This code was created by Neil Currie ([email protected] | [email protected]) with thanks to Guy Wells for providing QA.
FOCUS is a web tool that helps schools compare pupil achievement with other, similar schools. It uses data like English as an Additional Language (EAL), deprivation (SIMD), free meal uptake and school roll size. The goal is to avoid unfair comparisons, like between schools in very rich and very poor areas, and instead focus on schools with similar challenges. Schools then form networks of their peer schools, and can then share ideas and best practice and improve results together.
https://www.ceg.org.uk/focus.shtml
In 2024, the data team were approached to review the methodology and re-run the comparisons for Glasgow. The comparison file will then be loaded into the FOCUS tool. We were then asked to expand the tool to include all schools in the Glasgow City Region. This repo stores the code, methods, and documents for the project, making it easy to update and collaborate on in the future.
In the November 2024 run, this repo included the following local authorities:
- East Dunbartonshire
- East Renfrewshire
- Glasgow
- Inverclyde
- North Lanarkshire
- Renfrewshire
- South Lanarkshire
- West Dunbartonshire
However, it could easily be expanded to other local authorities by simply adding xlsx to the data folder in the same format (more on that later).
Put simply it:
- Compares primary and secondary schools across multiple local authorities.
- Ranks similar schools using a custom distance calculation algorithm. See the section on Similarity Calculations below.
- Exports detailed comparison tables in both .xlsx and .csv formats with a specified number of comparison schools
- Generates within-local-authority and across-authority comparisons.
The outputs of this project are loaded into the FOCUS schools tool.

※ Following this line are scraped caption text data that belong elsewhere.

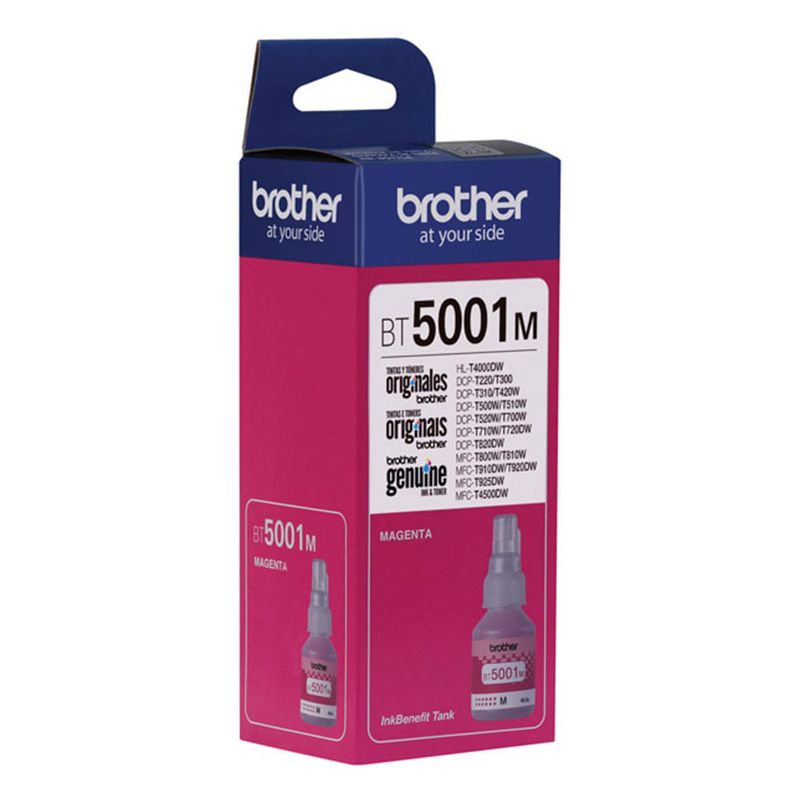 Tinta Brother BT5001M magenta 5000 pág empaque diagonal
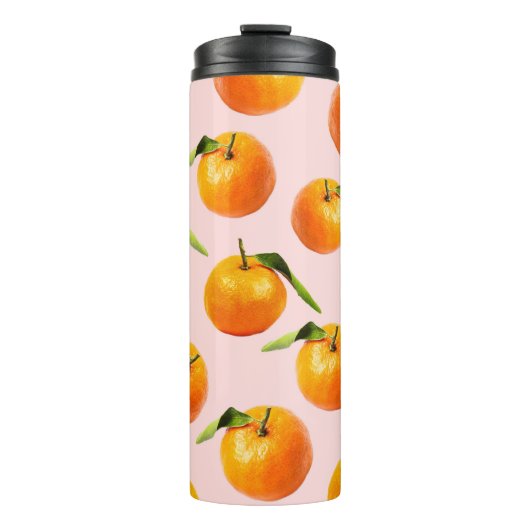 Mandarins Leaf Pink Nahtloses Muster Thermosbecher (Vorderseite)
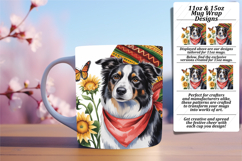 Whimsical 15oz Mug Wrap Png Artwork , Cute Dog Product Image 1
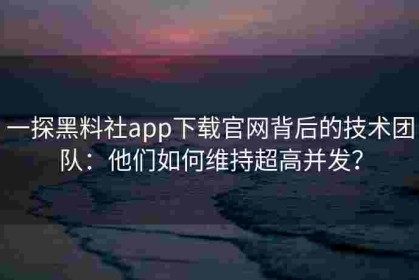 一探黑料社app下载官网背后的技术团队：他们如何维持超高并发？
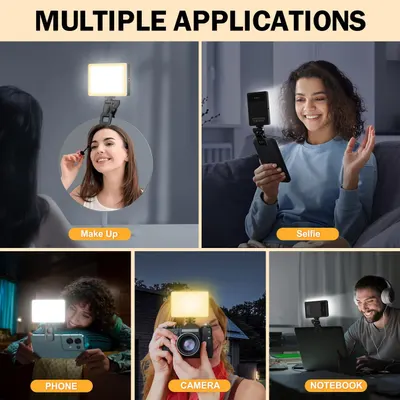Demonstrates the versatility of the lighting product by showing five distinct use scenarios—makeup application, selfies, phone photography, camera work, and video calls—to reassure shoppers that…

The repository is hosted on the openglasgow
GitHub account and is publicly available.
- Clone the repository:
From the terminal, navigate to the folder where you would like to host the
project and create a folder called focusschools
. You then want to navigate to
this new folder.
For me this looks like:
cd Developer
mkdir focusschools
cd focusschools
Now you want to clone the git repo into here.

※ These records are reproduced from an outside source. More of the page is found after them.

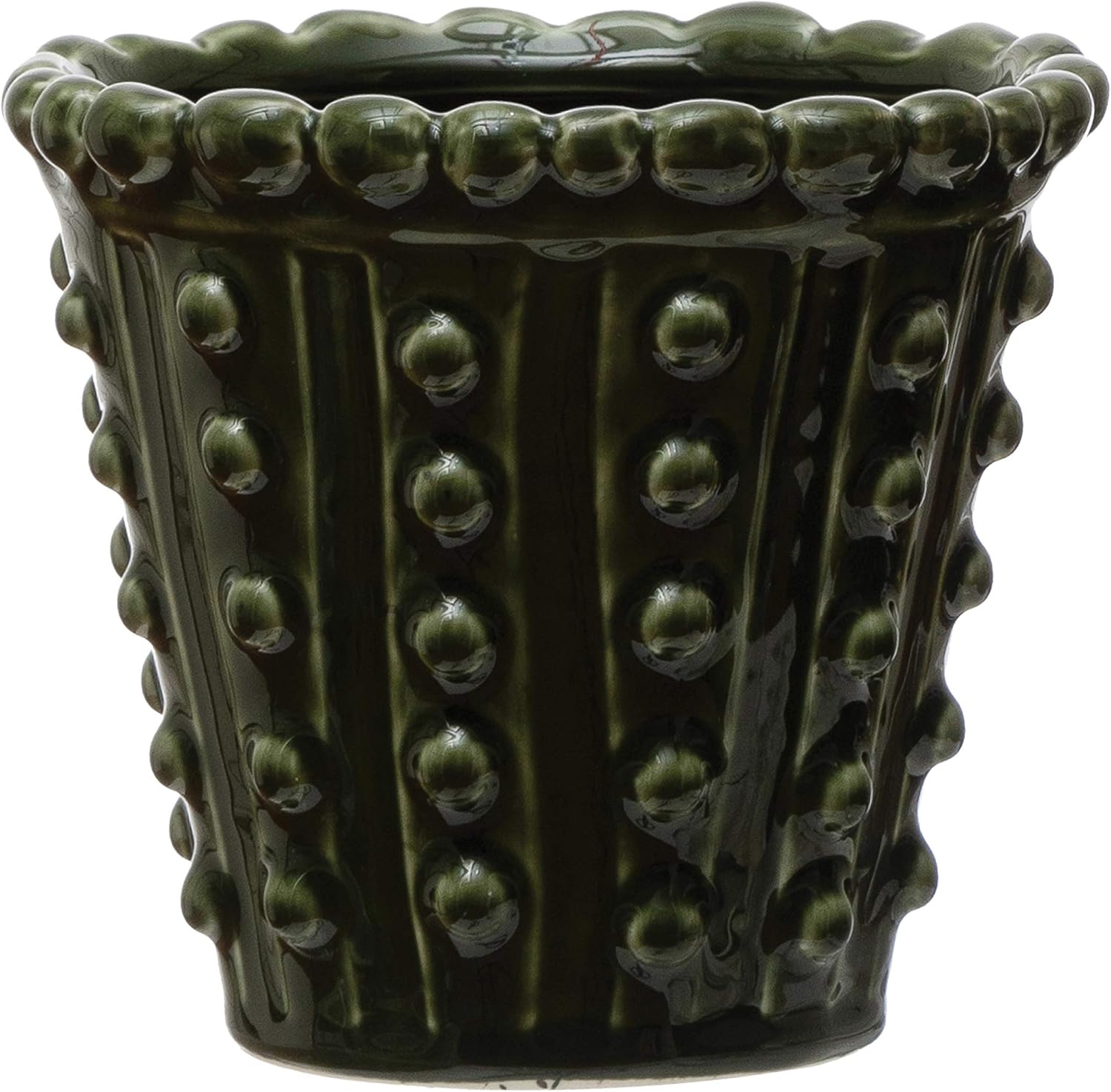 Creative Co-Op Stoneware Hobnail, Green (Holds 5 Planter Pot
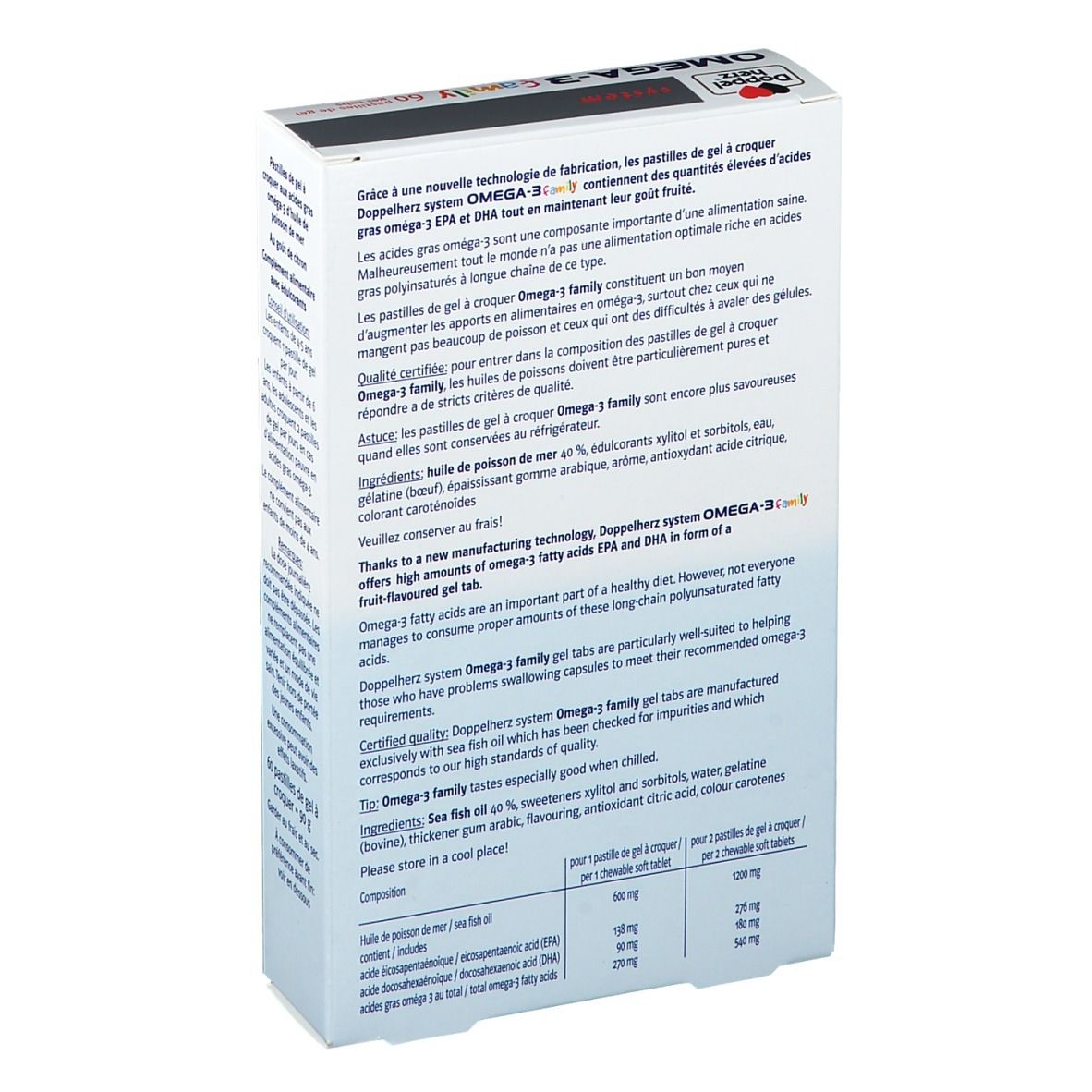 Dos de la boîte Doppelherz system OMEGA-3 Family. Texte : ingrédients, instructions d'utilisation, informations nutritionnelles, labels.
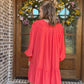 Carley chic detail dress- Coral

git clone https://github.com/openglasgow/focusschools.git
- Setup your data folder and files
Create a folder for your data files to be stored in. This should be adjacent to
the repo you cloned, so, from same folder, in my case that would be
/Developer/focusschools/
. If you've just cloned the repo you are already here.

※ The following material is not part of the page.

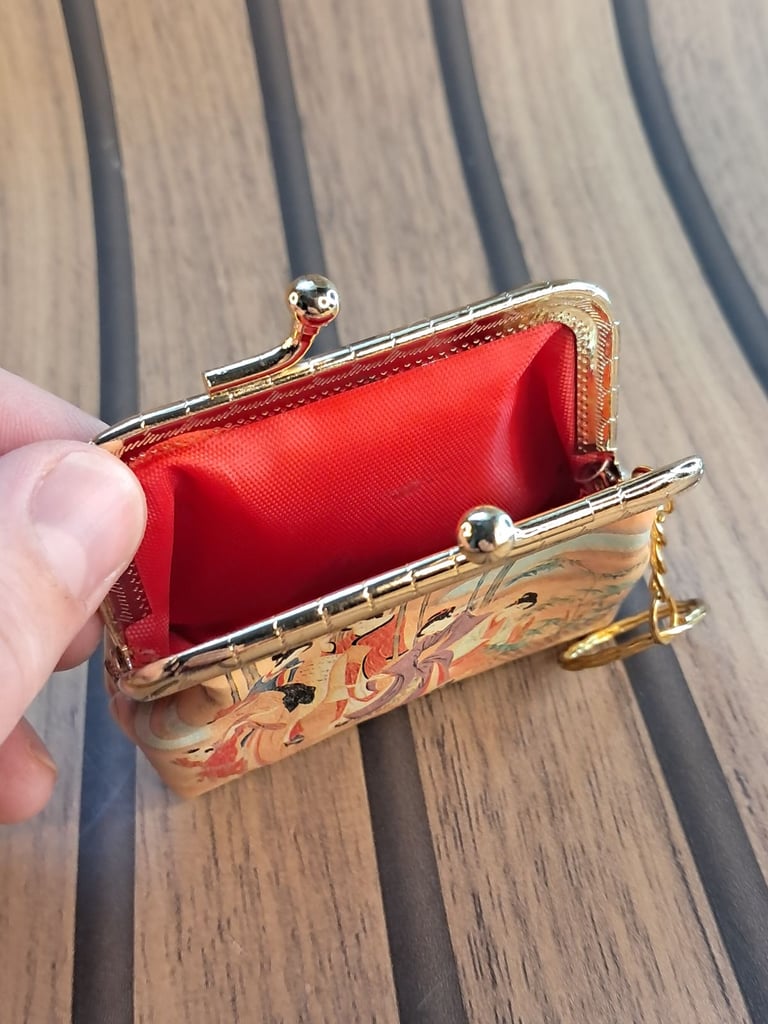 Good condition Chain Coin Purse Folkcraft Size Small W Keychain Loop. As seen.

You can do it manually or from the terminal. Run:
mkdir data
Now add in your data files. You'll end up with a structure like the below.
/Developer/focusschools/
├── data/
├── Glasgow_input.xlsx
├── North Lanarkshire_input.xlsx
└── [Other Local Authority Data]
├── focusschools/
├── .gitignore
├── focusschools.Rproj
├── functions/
├── README.md
├── run.R
└── [Other Project Files]
Naming your data files in the form "Local Authority Name_input.xlsx" is very important. Without the "_input.xlsx" the code will not work.
The structure of the data is also important - see Input Data Requirements below.
- Set Up the R Environment with renv
To ensure the project uses the correct package versions, we use renv for dependency management.
Open the R Studio project file focusschools.Rproj. If not already installed, install the renv package on to your machine:
install.packages("renv")
Now, still with the project opened in RStudio (open focusschools.Rproj), run the following command in the R console to restore the environment. This will ensure the correct versions of all the packages used are all available to this project only. It won't affect any other packages you have installed.
renv::restore()
This will install all the packages required for the project, using the versions specified in the renv.lock file.
Note: The first time you run this, it may take some time as it installs all the necessary packages.
Input data should be in .xlsx format and named in the following way:
- File naming convention: [Local Authority]_input.xlsx with a single sheet
- Each file is read in using readxl::read_excel
- File structure is checked using the
check_input_data
function. See this function for required variable names.
See Fake Local Authority Name_input.xlsx for an example structure of the input files.
The project will automatically install the required R packages if they are not
already installed when you trigger the run.R
file.
- Open the
focusschools.Rproj
file in RStudio. - Open
run.R
and run the code. - The output files will be saved in the
output
folder within the project folder. If no folder exists one will be created. Output files are in both xlsx and csv format. Files will include:
- All LAs_primary-schools.xlsx
- All LAs_secondary-schools.xlsx
- [Local Authority]_primary-schools.xlsx
- [Local Authority]_secondary-schools.xlsx
Similarity is calculated using the following metrics:
- School roll i.e. the number of pupils attending the school
- Free School Meals uptake percentage
- The percentage of pupils for whom English is an additional language
- SIMD
For the school roll, I calculate the mean school roll and change this variable to be the percentage difference from the mean school roll.
SIMD is slightly more involved and is split into 2 measures:
- The mean SIMD
- The standard deviation in SIMD
The mean SIMD is calculated using a weighted mean. The count and percentage of pupils living in SIMD areas 1 to 10 is contained in the input data. As an example, to calculate the mean SIMD for a random school you would do the following:
Mean SIMD = (1 * simd_1%) + (2 * simd_1%) + ... + (10 * simd_10%)
However, just using the mean can hide inequality in a school catchment area. The old methodology used a custom variance measure. I changed this to standard deviation because I think it is a better statistical approach since standard deviations have the same units as the original data. Variance is the square of the standard deviation. Therefore, for this use, I think it could over inflated differences. It is broadly the same principle though, it is still a measure of dispersion.
When all the input data is sorted the distance between each school and every other school is calculated in a similar way to an error measure in a stats model. This is done in calc_distances
function.
A star rating system is applied which displays the closeness of the match. 3 starts indicates a very good match, 2 a less good match and 1 a not so good match. This was a feature of the original tool. I updated it to be done in a more automated way as the thresholds for the stars seemed to be hardcoded before.
For some local authorities they have few schools. Therefore, fewer within-local authority comparisons can be made. Therefore, the number of comparisons generated for each school is adjusted up to a maximum of 10 schools.